Why did my Visual Studio 10 stop using App.Config

2019-06-12 14:08发布

I have a working database application using WPF and SQL Server 2008 R2, which for two years has been getting its SQL Server connection string from the App.Config file. A few days ago on one dev machine, it started ignoring the App.Config file's connectionString, and is now using a string from somewhere else (looks like either settings.settings, or the DBML file).

Why might this be happening, and how can I get it to stop doing that?

The app.config starts out like this:

<configuration>
  <configSections>
    <section name="log4net" type="System.Configuration.IgnoreSectionHandler"/>
  </configSections>
  <connectionStrings>
    <add name="DronzApp.Properties.Settings.DronzAppConnectionString"
     connectionString="Server=dronz.db.123.dronzdbserver.com;Database=dronzdb;User ID=dronz;Password=secretsauce;"
     providerName="System.Data.SqlClient" />
 </connectionStrings>

Edit: Thanks for the suggestions from both of you for more info and where to look. I don't know where a WPF App gets the information that it ought to look in App.Config, or anyplace else, but until I learn that, here are some more pieces:

One of the first things my program does is test the database (which now fails). Right before it does that, it calls the auto-generated function InitializeComponent(), whose auto-generated code is:

        /// <summary>
    /// InitializeComponent
    /// </summary>
    [System.Diagnostics.DebuggerNonUserCodeAttribute()]
    public void InitializeComponent() {
        if (_contentLoaded) {
            return;
        }
        _contentLoaded = true;
        System.Uri resourceLocater = new System.Uri("/DronzApp;component/ui/startwindow.xaml", System.UriKind.Relative);

        #line 1 "..\..\..\UI\StartWindow.xaml"
        System.Windows.Application.LoadComponent(this, resourceLocater);

        #line default
        #line hidden
    }

My start window constructor calls InitializeComponent(); and then tests the database with the line:

int hmm = App.db.Dronz_FooTable.Count();

where App.db is a data context defined in the app.xaml.cs file as:

public static DronzDataDataContext db = new DronzDataDataContext();

where DronzDataDataContext is defined in auto-generated code by LINQ-to-SQL such as:

public partial class DronzDataDataContext : System.Data.Linq.DataContext ...
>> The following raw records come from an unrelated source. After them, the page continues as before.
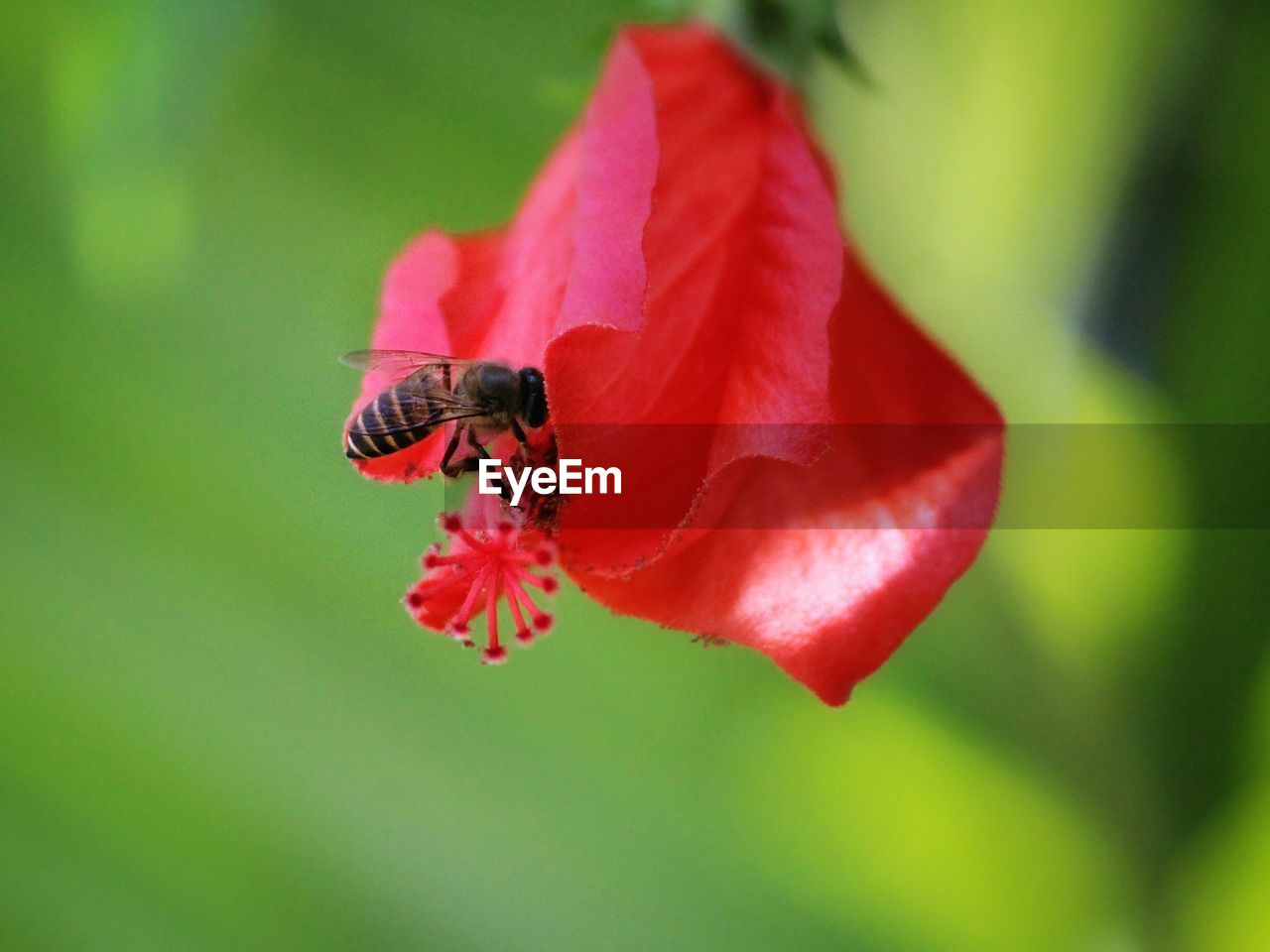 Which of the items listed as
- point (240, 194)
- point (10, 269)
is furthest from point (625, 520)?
point (10, 269)

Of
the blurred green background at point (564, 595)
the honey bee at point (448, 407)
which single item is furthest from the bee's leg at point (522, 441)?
the blurred green background at point (564, 595)

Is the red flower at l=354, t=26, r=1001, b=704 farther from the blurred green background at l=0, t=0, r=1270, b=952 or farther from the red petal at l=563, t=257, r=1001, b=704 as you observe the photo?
the blurred green background at l=0, t=0, r=1270, b=952

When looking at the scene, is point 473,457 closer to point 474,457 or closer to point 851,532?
point 474,457

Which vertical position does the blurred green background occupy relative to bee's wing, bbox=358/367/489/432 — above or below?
above

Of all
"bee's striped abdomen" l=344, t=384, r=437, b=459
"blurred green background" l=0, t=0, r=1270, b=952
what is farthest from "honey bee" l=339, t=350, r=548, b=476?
"blurred green background" l=0, t=0, r=1270, b=952

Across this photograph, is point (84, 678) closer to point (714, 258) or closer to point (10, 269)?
point (10, 269)

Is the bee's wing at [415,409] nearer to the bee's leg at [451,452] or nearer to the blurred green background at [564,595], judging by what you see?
the bee's leg at [451,452] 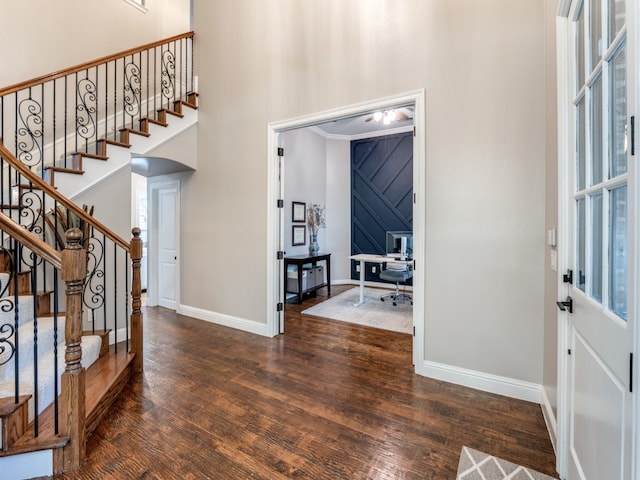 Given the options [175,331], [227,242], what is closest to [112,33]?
[227,242]

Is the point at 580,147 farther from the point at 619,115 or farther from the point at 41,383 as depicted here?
the point at 41,383

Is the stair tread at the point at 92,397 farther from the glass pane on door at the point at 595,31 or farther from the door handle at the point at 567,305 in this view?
the glass pane on door at the point at 595,31

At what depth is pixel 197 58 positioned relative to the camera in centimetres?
422

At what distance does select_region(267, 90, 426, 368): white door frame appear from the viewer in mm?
2646

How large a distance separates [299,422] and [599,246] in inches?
75.2

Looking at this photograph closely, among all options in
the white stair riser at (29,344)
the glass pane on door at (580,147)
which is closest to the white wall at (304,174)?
the white stair riser at (29,344)

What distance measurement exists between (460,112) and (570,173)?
1.18 m

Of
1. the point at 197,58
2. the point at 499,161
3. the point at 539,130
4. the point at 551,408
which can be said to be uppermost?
the point at 197,58

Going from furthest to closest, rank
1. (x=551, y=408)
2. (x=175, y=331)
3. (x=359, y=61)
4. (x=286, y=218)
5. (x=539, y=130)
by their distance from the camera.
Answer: (x=286, y=218) → (x=175, y=331) → (x=359, y=61) → (x=539, y=130) → (x=551, y=408)

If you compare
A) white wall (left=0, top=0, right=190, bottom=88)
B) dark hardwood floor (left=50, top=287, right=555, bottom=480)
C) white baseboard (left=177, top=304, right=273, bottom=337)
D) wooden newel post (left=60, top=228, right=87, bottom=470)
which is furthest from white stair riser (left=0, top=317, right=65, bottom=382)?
white wall (left=0, top=0, right=190, bottom=88)

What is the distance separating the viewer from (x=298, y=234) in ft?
19.7

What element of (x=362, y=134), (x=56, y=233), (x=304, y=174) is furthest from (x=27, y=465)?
(x=362, y=134)

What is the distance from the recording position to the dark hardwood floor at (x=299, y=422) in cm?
166

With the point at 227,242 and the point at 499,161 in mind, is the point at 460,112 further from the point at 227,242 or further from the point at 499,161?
the point at 227,242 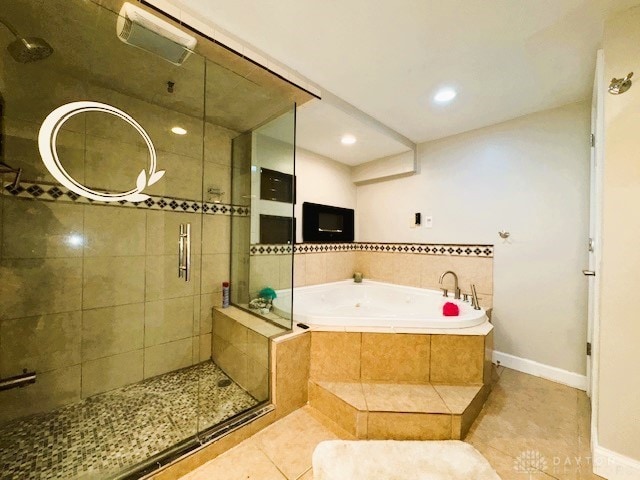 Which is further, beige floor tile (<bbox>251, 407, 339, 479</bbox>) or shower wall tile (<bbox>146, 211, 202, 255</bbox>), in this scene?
shower wall tile (<bbox>146, 211, 202, 255</bbox>)

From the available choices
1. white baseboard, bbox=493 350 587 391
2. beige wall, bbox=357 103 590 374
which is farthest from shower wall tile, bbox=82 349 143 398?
white baseboard, bbox=493 350 587 391

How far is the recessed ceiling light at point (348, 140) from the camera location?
2.53 m

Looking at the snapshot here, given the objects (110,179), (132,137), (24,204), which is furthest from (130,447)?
(132,137)

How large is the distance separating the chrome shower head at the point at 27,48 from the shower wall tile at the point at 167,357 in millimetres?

    public DronzDataDataContext() : 
            base(global::DronzApp.Properties.Settings.Default.DronzConnectionString, mappingSource)
    {
        OnCreated();
    }

Which used to heed the app.config file, and now doesn't. When I catch the DB exception (which is about a DB version problem because it is trying to use the wrong SQL server) and look at the connection string, it is asking the wrong SQL Server for a file instead of the correct connection string. The connection string it is using seems to match either the DBML file that Linq-to=SQL created when the database schema was imported, or a string in settings.settings (which is a file I don't really understand where it came from or what I'm supposed to do or not do with it).

1条回答
太酷不给撩
2楼-- · 2019-06-12 15:00

Ok, I seem to have found and fixed the problem, but I don't know what caused it, exactly.

What references the Config file is actually in the .proj file, and somehow it changed to add a reference to app.config at the project root instead of in an App subfolder. From reading other discussion of app.config, I think VS2010 did this automatically perhaps when I was looking at the Project settings in the GUI. Deleting that line of XML manually from the .proj file allowed it to find and use the previous version which points to where the app.config file actually is. Since I didn't have an app.config file in the project root where the new first line was edited to say it was in the .proj file, it seems to have fallen to looking at settings.settings, where it found the connectionString value where the file was when I imported the database file using Linq to SQL.